Exercise directions
Retype all of the data word for word, without pictures.

Information provided
───

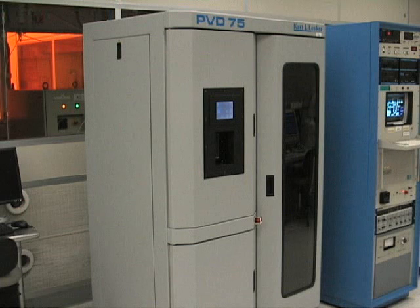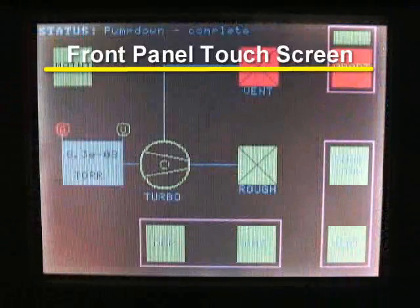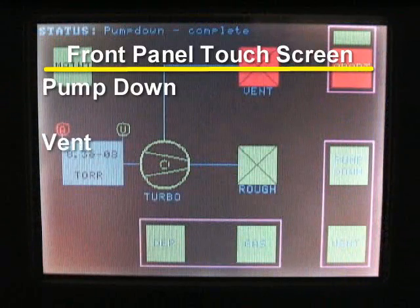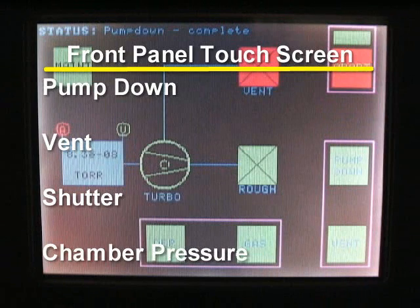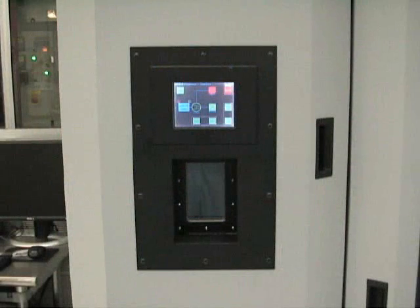The PVD-75 uses a turbo pump for a reduced pump down time. It is also equipped with a front panel touch screen which contains the pump down, vent, and shutter controls. It also displays the chamber pressure. The front panel touch screen is located directly above the chamber viewing window.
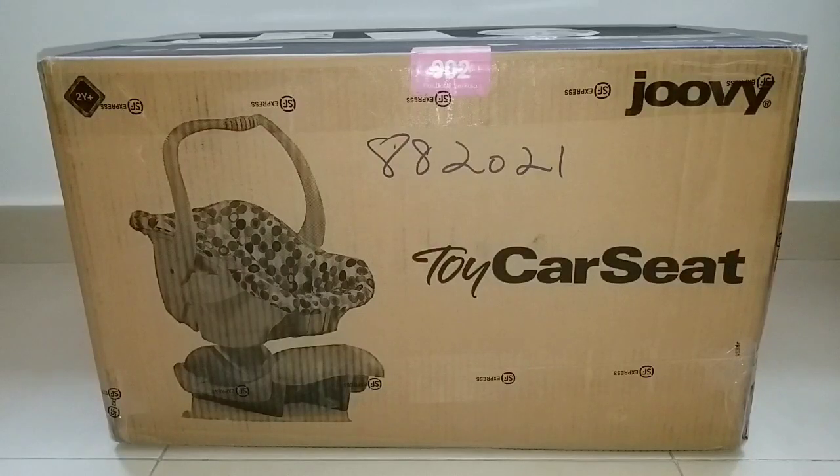Hey guys, it's Emily here and welcome back to my channel. Today I've got this big puzzle from Amazon and this is the Joofy Toys car seat.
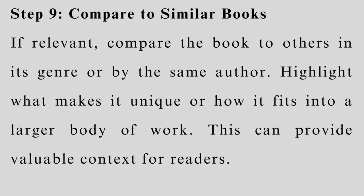Step 9: Compare to similar books. If relevant, compare the book to others in its genre or by the same author. Highlight what makes it unique or how it fits into a larger body of work. This can provide valuable context for readers.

───

Response to this task
The PVD-75 uses a turbo pump for a reduced pump down time. It is also equipped with a front panel touch screen which contains the pump down, vent, and shutter controls. It also displays the chamber pressure. The front panel touch screen is located directly above the chamber viewing window.
Hey guys, it's Emily here and welcome back to my channel. Today I've got this big puzzle from Amazon and this is the Joofy Toys car seat.
Step 9: Compare to similar books. If relevant, compare the book to others in its genre or by the same author. Highlight what makes it unique or how it fits into a larger body of work. This can provide valuable context for readers.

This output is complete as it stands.